Przejdź do treści
Przejdź do stopki

Hinduiści grożą wyznawcom Chrystusa

Treść

Pod hasłem przymusowych konwersji na hinduizm i oczyszczenia kraju z chrześcijańskich misjonarzy rozpoczęło się wczoraj w indyjskim Dźabalpurze trzydniowe święto Narmada Samajik Kumbh. Gromadzi ono religijnych fundamentalistów i hinduistycznych bojówkarzy, którzy do wydarzenia przygotowywali się już od kilku miesięcy, prowadząc m.in. kampanię medialną przeciwko rzekomemu prozelityzmowi tamtejszych chrześcijan.
Mieszkający w regionie chrześcijanie już od dawna żyją w strachu, tym bardziej że mimo otwartej kampanii antychrześcijańskiej rząd nie podjął żadnych działań, by na czas Narmada Samajik Kumbh, dorocznego święta hinduistycznego ku czci Narmady, bogini głównej rzeki stanu Madhya Pradeś, zapewnić im bezpieczeństwo. Warto zauważyć, że owi "zagrażający" hinduizmowi wyznawcy Chrystusa stanowią w tamtejszym stanie zaledwie 1 proc. mieszkańców. Jak relacjonuje dla agencji EDA ks. George Thomas, Kościół wystosował do rządu apel o ochronę mniejszości religijnych i ich świątyń, a ks. abp Leo Cornelius, przewodniczący tamtejszego Episkopatu, wydał oświadczenie zaprzeczające podejmowaniu jakiejkolwiek działalności misyjnej, w której stosowano by przymus.
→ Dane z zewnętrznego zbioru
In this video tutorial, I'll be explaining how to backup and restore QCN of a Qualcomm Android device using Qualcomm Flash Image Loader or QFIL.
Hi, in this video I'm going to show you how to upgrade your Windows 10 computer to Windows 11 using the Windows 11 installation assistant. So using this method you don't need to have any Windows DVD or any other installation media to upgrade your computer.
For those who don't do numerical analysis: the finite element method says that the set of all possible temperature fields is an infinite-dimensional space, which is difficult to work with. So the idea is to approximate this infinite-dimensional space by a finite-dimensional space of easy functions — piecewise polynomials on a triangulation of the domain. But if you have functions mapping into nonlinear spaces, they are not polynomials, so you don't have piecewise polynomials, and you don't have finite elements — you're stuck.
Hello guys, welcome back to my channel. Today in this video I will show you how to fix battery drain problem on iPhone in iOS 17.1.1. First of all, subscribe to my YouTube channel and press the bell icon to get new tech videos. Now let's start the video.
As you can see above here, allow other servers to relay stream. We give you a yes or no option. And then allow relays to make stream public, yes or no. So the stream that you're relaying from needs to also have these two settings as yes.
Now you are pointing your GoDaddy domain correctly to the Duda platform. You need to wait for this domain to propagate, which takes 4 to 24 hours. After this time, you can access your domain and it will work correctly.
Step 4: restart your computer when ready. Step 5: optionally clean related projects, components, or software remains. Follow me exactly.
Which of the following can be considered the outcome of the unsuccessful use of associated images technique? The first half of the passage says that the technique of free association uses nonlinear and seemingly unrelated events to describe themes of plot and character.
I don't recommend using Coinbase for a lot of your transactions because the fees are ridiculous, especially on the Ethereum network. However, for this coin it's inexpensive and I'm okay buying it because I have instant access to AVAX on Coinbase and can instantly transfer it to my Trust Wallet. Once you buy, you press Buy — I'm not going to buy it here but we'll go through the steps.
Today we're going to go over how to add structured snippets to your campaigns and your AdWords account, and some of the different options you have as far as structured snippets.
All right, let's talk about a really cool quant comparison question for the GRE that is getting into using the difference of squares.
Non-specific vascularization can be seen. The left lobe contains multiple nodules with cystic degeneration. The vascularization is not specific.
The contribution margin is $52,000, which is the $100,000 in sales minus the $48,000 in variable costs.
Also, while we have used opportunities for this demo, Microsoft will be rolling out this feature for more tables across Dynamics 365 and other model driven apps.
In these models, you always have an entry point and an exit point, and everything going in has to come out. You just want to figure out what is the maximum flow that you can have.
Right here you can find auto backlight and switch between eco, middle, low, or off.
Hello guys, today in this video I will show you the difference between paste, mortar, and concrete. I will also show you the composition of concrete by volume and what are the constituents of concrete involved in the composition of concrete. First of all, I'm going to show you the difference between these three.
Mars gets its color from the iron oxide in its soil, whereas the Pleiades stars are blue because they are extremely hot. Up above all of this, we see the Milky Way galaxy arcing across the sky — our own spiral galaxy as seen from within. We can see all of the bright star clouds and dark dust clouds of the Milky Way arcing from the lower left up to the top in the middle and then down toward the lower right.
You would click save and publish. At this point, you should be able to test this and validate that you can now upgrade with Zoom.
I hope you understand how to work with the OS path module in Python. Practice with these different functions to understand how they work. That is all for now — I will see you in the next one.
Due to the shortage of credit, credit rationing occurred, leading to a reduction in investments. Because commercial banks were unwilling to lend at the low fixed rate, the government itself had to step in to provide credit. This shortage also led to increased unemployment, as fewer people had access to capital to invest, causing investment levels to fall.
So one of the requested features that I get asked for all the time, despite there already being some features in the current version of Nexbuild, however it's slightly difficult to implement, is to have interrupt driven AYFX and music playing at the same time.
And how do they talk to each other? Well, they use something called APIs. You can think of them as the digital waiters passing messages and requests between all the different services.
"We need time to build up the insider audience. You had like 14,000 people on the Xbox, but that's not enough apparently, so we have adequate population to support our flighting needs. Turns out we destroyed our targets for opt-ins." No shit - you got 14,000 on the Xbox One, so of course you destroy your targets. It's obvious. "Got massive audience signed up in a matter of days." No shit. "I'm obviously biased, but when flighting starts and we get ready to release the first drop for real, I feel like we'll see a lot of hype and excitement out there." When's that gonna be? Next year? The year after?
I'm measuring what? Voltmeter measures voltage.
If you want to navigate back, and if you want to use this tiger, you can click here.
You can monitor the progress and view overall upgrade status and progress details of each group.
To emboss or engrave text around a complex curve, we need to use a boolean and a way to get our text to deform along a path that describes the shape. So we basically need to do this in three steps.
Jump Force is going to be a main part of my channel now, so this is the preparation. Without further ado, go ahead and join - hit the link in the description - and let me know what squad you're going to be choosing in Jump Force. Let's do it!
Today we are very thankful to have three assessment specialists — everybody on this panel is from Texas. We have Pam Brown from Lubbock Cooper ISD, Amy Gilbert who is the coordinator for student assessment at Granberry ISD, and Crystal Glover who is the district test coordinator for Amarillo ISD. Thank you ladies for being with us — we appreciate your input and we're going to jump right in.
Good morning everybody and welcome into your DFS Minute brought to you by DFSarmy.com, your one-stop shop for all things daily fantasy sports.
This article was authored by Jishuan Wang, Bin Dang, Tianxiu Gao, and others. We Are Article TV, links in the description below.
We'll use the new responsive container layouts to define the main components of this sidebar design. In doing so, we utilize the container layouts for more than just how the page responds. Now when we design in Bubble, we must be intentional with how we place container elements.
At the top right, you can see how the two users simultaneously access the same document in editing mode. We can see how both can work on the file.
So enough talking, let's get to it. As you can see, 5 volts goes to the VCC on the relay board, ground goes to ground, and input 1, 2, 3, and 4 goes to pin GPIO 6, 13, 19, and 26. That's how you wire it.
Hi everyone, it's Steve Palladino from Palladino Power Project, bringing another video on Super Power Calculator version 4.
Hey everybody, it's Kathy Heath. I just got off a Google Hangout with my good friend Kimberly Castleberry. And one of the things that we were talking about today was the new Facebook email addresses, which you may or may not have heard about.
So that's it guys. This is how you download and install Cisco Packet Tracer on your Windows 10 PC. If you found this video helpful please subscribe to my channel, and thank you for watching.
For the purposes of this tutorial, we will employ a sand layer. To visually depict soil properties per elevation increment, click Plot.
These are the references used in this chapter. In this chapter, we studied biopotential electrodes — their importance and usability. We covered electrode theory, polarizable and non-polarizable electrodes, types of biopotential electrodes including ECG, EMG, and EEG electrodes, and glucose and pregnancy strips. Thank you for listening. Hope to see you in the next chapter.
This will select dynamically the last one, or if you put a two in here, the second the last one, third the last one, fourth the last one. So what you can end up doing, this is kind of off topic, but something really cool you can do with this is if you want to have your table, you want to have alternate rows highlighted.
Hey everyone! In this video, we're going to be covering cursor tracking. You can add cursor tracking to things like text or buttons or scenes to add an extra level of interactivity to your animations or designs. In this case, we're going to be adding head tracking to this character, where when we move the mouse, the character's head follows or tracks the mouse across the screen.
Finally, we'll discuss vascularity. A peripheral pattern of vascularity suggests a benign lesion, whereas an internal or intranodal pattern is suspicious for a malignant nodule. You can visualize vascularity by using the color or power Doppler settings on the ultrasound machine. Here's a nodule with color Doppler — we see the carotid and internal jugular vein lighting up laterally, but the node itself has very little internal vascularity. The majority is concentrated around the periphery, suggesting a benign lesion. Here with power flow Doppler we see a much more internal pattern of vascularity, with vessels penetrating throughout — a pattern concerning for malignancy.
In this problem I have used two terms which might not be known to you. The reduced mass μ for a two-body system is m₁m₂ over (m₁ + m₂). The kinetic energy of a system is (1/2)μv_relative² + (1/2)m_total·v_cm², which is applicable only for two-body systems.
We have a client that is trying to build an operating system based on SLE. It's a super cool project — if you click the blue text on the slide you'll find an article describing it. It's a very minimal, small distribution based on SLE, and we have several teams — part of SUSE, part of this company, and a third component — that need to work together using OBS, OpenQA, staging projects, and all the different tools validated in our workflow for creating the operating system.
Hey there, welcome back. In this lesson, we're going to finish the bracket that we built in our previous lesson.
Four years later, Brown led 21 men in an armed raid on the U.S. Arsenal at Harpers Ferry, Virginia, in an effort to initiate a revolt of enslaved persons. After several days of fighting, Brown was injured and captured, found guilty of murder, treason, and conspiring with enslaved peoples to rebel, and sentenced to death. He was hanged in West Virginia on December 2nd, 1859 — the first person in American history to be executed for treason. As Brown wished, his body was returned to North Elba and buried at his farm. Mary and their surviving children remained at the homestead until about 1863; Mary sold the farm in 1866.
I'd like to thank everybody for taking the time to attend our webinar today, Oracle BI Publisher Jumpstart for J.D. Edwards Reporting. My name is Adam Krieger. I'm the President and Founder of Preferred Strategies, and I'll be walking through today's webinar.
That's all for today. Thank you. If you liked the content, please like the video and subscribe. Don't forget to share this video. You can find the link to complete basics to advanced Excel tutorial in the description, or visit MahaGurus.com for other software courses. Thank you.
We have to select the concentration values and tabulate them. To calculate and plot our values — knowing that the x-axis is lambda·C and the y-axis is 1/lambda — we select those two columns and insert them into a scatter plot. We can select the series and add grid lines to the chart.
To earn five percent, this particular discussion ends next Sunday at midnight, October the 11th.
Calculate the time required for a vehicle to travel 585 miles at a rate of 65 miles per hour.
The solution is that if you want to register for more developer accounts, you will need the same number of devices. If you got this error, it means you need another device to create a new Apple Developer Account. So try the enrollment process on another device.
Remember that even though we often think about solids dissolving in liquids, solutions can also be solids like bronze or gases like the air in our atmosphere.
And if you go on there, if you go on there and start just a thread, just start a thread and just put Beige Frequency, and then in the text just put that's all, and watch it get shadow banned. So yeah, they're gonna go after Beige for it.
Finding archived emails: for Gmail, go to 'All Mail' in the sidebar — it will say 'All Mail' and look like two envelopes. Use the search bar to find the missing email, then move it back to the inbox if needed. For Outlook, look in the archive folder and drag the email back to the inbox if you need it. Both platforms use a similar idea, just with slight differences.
W konsekwencji do soboty policja ma strzec chrześcijańskich świątyń, a szkoły mają być zamknięte.
Jak podają agencje AsiaNews i EDA, na organizowanym święcie spodziewanych jest 2-2,5 mln hinduistów z całych Indii. Ksiądz arcybiskup Cornelius zauważa, że za propagandowymi hasłami wymierzonymi w chrześcijan kryją się polityczne i osobiste interesy konkretnych grup. - Fundamentaliści postrzegają chrześcijaństwo jako zagrożenie, ponieważ organizując szkolnictwo i służbę zdrowia, chrześcijanie wspierają najbiedniejszych, spychanych na margines. Ci ludzie, głównie Dalici i ludność plemienna Indii - ze względu na ich materialną i intelektualną biedę - byli wykorzystywani przez wyższe klasy społeczne. Teraz natomiast, po latach misyjnej posługi, czują, że przywrócono im godność - podkreśla ks. abp Cornelius cytowany przez AsiaNews. A to, jak zauważa przewodniczący Episkopatu, jest nie do zaakceptowania przez tych, którzy nie mogą ich dłużej wykorzystywać.